The idea of loading in a show in a different space is not something new for lighting designer Zach Blane, who works with Purchase alum Brian MacDevitt on Broadway, including on “13” and Will Ferrell’s “You’re Welcome, America.”
“It’s tough to let the show sit, tech it, pick it up, move it and set it down, for people who have never done it,” he says. “But the production staff is really organized and very collaborative. It could have been a train wreck but it’s blossomed into a great production.”
Samuel Froeschle’s unit set presents “a David Ives world.”
“I asked ‘Where would he be writing this? Is he in a studio? An office?’” Froeschle says. “I came up with this New York apartment, very layered, beat up but taken care of.”
To capture the show’s surreal nature, Froeschle then turned the apartment on its head and set it on a canvas of sea and sky. Actors step over transoms to enter the space.

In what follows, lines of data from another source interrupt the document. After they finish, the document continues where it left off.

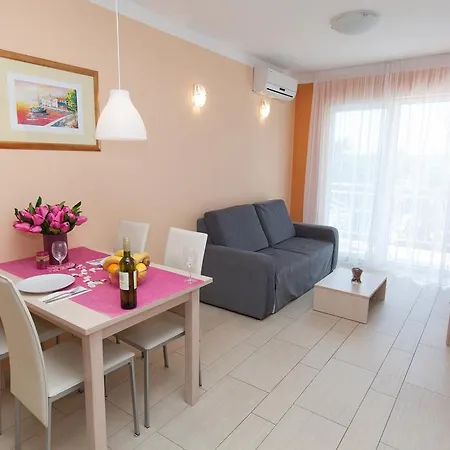 Apartments Ines Selce Exterior photo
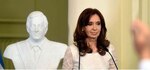 Argentina: Cristina Fernández se despide entre críticas y homenajes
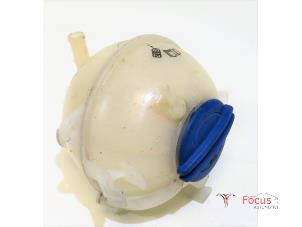 Used Expansion vessel Volkswagen Scirocco (137/13AD) 2.0 TSI 16V Price € 15,00 Margin scheme offered by Focus Automotive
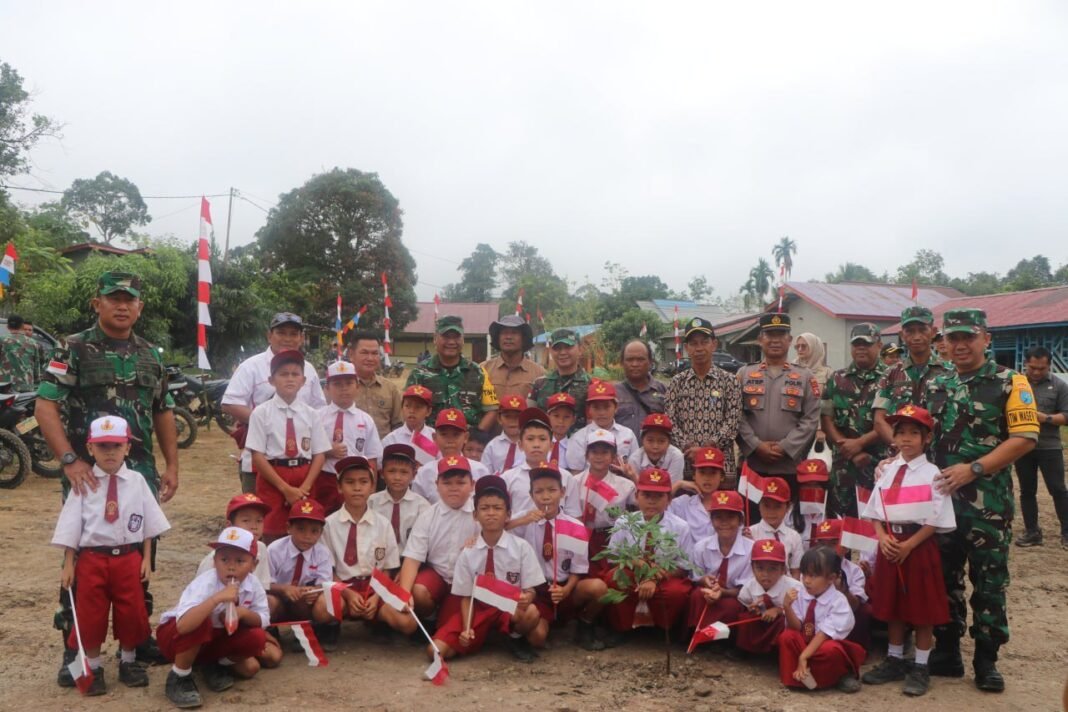 Siswa-Siswi SD Ikut Sambut Kedatangan Tim Wasev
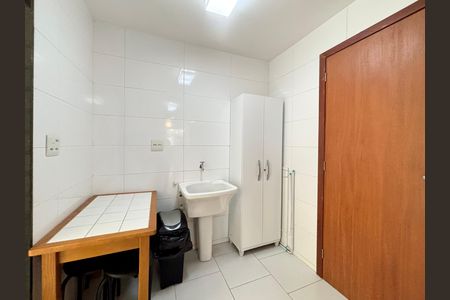 Apartamento para alugar com 110m², 3 quartos e 1 vagaÁrea de serviço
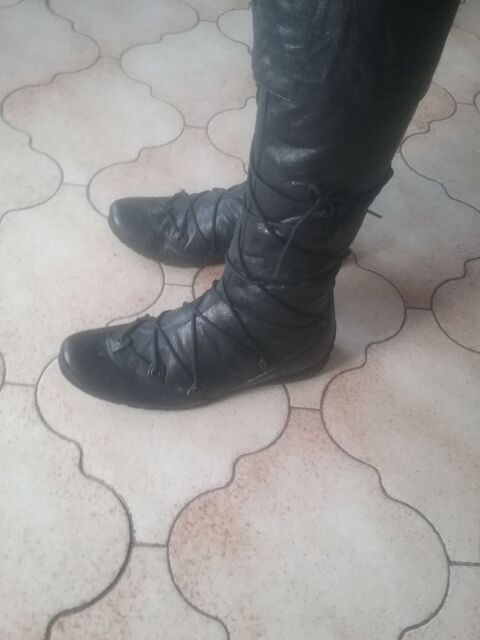 trs belles bottes en cuir avec lacet tat impeccable 20 Gravelines (59)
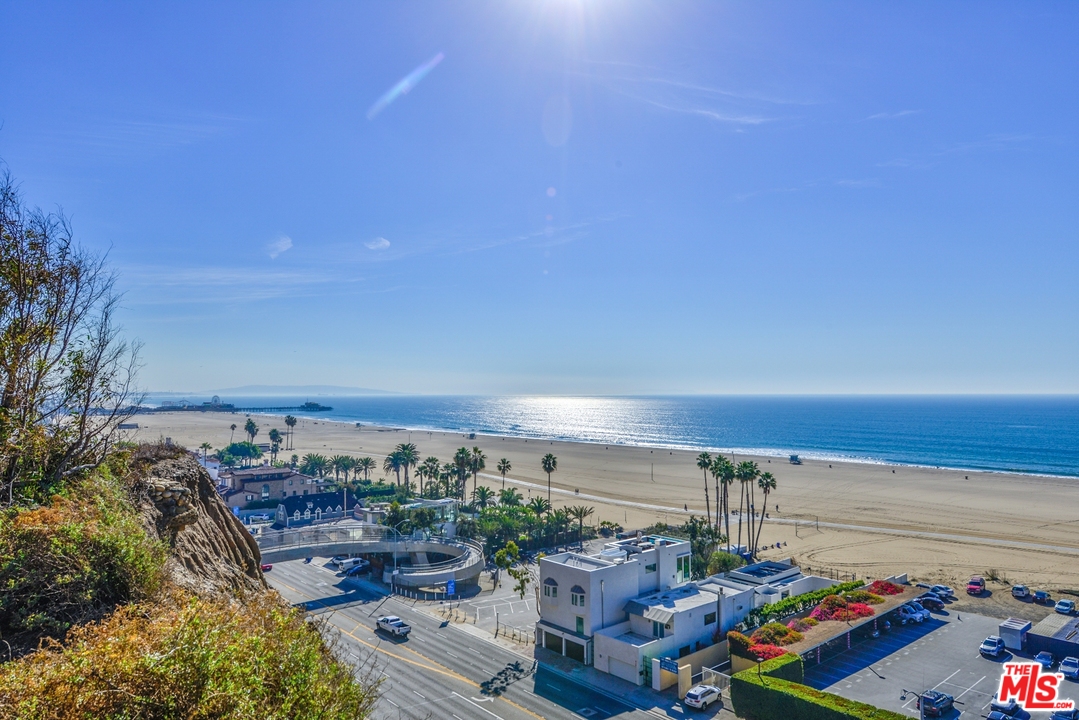 914 2nd Street, Unit B Santa Monica, CA 90403 - Photo 29 of 29 a view of a city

Sound designer Nicholas Harris says his design “had to be the glue that took us on this journey” from one play to the next. He and composition student Charles Ivan Punchatz came up with “time-travel” transitions to transport the audience.
“Imagine your life passing you by in 30 seconds and that’s what we presented, with quotes from presidents and musicians. The collection of your life in 30 seconds.”
Natalie Woolams-Torres appears in a bright yellow dress — as a chimpanzee trying to write “Hamlet” — in “Words, Words, Words.”
“It goes beyond character study,” she says. “It’s a musical. We’re acting as a bunch of musicians. We have to play off each other’s notes.”
“Unamundo,” the tongue spoken in “The Universal Language,” is well-built gibberish, but Dru Smith treated it the “same as any text.”
“Instead of knowing what the words are, it really comes down to knowing what you’re trying to do with what you’re saying,” he says.
Melinda Nichols agrees.
“It’s all about using language to make this beautiful human connection,” she says.
That theme is repeated throughout, says Olivia Osol, who appears in “English Made Simple,” a deconstruction of party chatter.
“Once you find the same language as somebody else, a whole new universe opens up,” she says.
James Ortiz is Bill in “Sure Thing,” a courtship in a coffee shop that resets itself with each misstep. It has a lot to say about how one change, one different answer, can affect the course of our lives. It also demonstrates Ives’ way with words — and his exactitude.
“So many of his plays are so technical,” Ortiz says, “that in a funny way, it’s like ‘hit your mark’ and no time for finding it and playing around with it. It’s about staying on your mark.”
Even if your mark moves to Mamaroneck.
“All In The Timing”
Where: A Purchase Repertory Theatre production presented at the Emelin Theatre, 153 Library Lane, Mamaroneck.
When: 7:30 p.m. Friday; 2 p.m. and 7:30 p.m. Saturday; 2 p.m. Sunday.
Tickets: $20; $15 for seniors and students.
Call: 914-698-0098.
Web: www.emelin.org.
With: Tabitha Holbert, LaTeisha Dukes, Andrew Smith, Natalie Woolams-Torres, Monica K. Ross, Brett Diggs, Melinda Nichols, Matt Lents, James Ortiz, Oliva Osol, Julia Lawler, Jason Ralph.
Which “Timing”?
David Ives’ “All in the Timing” is a collection of one-acts. At the Emelin this weekend:
• “A Singular Kinda Guy,” a man who knows exactly what he is.
• “Foreplay, or The Art of the Fugue,” about three games of miniature golf, played simultaneously by three different couples with remarkable similarities.
• “Words, Words, Words,” about the role of the writer.
• “The Philadelphia,” about asking for one thing getting something else.
• “The Universal Language,” about making connections with words of your choosing.
• “English Made Simple,” in which Ives boils down banal party talk to its essence.
• “Sure Thing,” on how new relationships are fraught with peril.
• “Long Ago and Far Away,” a more dramatic piece, about a couple dealing with change, what is real and what is imagined.
Photo by Angela Gaul/The Journal News: From left, Dru Smith, Matt Lents and Natalie Woolams-Torres portray Milton, Swift and Kafka in “Words, Words, Words,” part of a production of “All in the Timing,” to be presented at Mamaroneck’s Emelin Theatre Feb. 27, 28 and March 1.